## [Work to complete]
The response must contain all of the entries, each one repeated exactly.

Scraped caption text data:
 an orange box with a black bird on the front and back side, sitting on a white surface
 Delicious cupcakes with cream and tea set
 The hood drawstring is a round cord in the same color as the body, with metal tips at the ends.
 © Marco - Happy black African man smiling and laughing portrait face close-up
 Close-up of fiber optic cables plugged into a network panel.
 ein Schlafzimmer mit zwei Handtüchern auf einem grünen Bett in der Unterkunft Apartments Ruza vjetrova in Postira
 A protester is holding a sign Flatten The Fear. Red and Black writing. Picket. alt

## [Output]
 an orange box with a black bird on the front and back side, sitting on a white surface
 Delicious cupcakes with cream and tea set
 The hood drawstring is a round cord in the same color as the body, with metal tips at the ends.
 © Marco - Happy black African man smiling and laughing portrait face close-up
 Close-up of fiber optic cables plugged into a network panel.
 ein Schlafzimmer mit zwei Handtüchern auf einem grünen Bett in der Unterkunft Apartments Ruza vjetrova in Postira
 A protester is holding a sign Flatten The Fear. Red and Black writing. Picket. alt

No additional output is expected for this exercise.